- Directed by: Indhran
- Written by: Indhran
- Produced by: P. G. Sadasivan V. Udhayakumar
- Starring: Shaan Vijay; Sumesh; Tejashree;
- Cinematography: Nirmal Raja
- Edited by: S. Ashok Mehta
- Music by: John Peter
- Production company: Himalaya International
- Release date: 27 May 2005;
- Running time: 100 minutes
- Country: India
- Language: Tamil

= Neeye Nijam =

Neeye Nijam is a 2005 Indian Tamil language romantic drama film directed by Indhran. The film stars newcomer Shaan Vijay, Sumesh and Tejashree, with Ajay Rathnam, Delhi Ganesh, S. Selvam, M. S. Bhaskar, Maaran, Manjari, Kousalya Senthamarai and Bharathi playing supporting roles. The film, produced by P. G. Sadasivan and V. Udhayakumar, had music by John Peter.

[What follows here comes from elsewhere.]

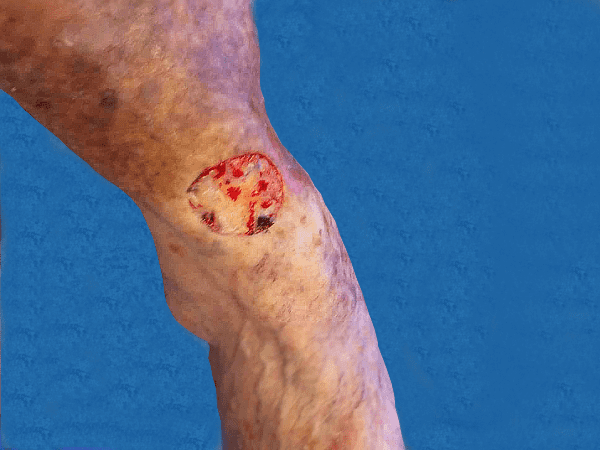 Mohs Leg Patient 02 After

The film was slated for the end of November 2004 but it was released on 27 May 2005.

==Plot==

In Kotagiri, the carefree college student Chandru falls in love with his college mate Priya. Chandru lives with his parents while Priya lives her grandparents. Chandru proposes his love to Priya but she rejects, he then follows her everywhere and compels her to love him. She gets sick of him and files a complaint to the police against him thus the police arrest Chandru and beat him up to forget her. Chandru's mother Suguna decides to intervene and tries to convince Priya to marry her son and Priya told her why she refused to accept Chandru's love.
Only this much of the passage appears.